Till today, she remembers the orange pushka and the booklets with the stories of tzaddikim that were given out on the tank. Even now, she tells her little children stories from back then. That was her first acquaintance with shluchim of the Rebbe and with the hafatza of Chabad.

Her second stop was in the army. She served on a huge base in the south of the country. She was shocked and disappointed by the secular and liberal atmosphere there. She looked for a spiritual refuge, a point of light somewhere in the army and the big base.

It was Erev Purim and she heard that at the end of the fast there would be a Megilla reading at the shul on base. She was the only woman in the women’s section of the shul and this stood out, of course; one lone soldier from the entire base who came to hear the Megilla.

The Lubavitcher who arranged the Megilla reading was an army reservist and he wondered about this lone soldier who didn’t look religious. She related, “Afterward, he was waiting for me outside the shul and he was the next shliach. He advised me to go to Kfar Chabad where we would write a letter to the Rebbe about my mother’s eye operation. In retrospect, we realized that thanks to the Rebbe’s bracha, my mother’s eyesight was saved for fifteen years in contrast to the doctors’ prognostications. In Kfar Chabad they told me about the Chabad house in Beit Shaan, and so I went there in order to buy a Tanya and to be connected to the Rebbe.

“My next stop was with my wedding and my moving to Yakne’am. Over there, we were adopted by the shliach, Noam Dekel. He provided us with all our religious and Chassidic needs. Thus, wherever we went we found loyal shluchim who were mekarev us, taught us, and dedicated endless time to us.”

She underwent a slow, painstaking, and grounded process. Slowly, her husband joined her. They registered their children in Chabad schools and their home became a Chassidic one. She was still in a war between her past secular life and her present Chassidic one. In the house everything was kosher, but when going out to work it wasn’t all that clear. It took years before she left the house with a head covering and proper clothing. Every day was a battle.

Now, she is a teacher and mashpia in the community.
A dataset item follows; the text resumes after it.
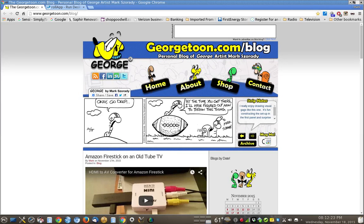Hi, thanks for visiting my channel. I'm Mark Zerady. I'm a cartoonist as many of you know. I draw the comic strip George, featured on my blog georgetoon.com/blog. I also have a lot of other comic features up there, as well as videos dealing with Linux technology, computer operating systems, digital photo editing tools, and all kinds of digital tools that I use in creating my comic strip and comic features.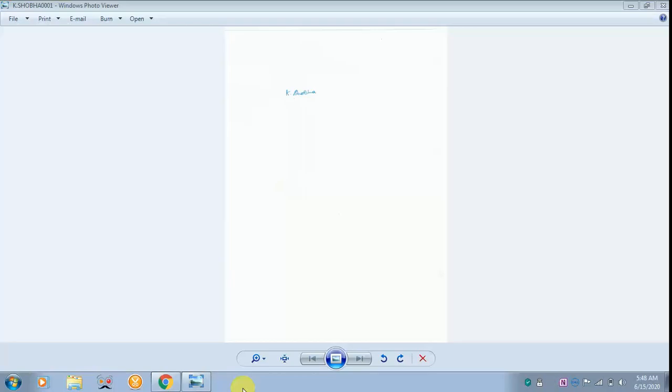Today I will be teaching you how to insert a signature in a Google slide. For that, you have to sign on white paper, later scan it and save it in JPEG format.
She knows that it is all thanks to the Rebbe who looked out for her and sent his shluchim to guide her at various stages of her life.

A few years ago, she spoke at the Kinus HaShluchos in Eretz Yisroel and excited everyone with her fascinating life’s story, inspiring everyone to recognize how the Rebbe guides each of us through the winding pathways of life, enabling us to truly transform ourselves from one extreme to the other.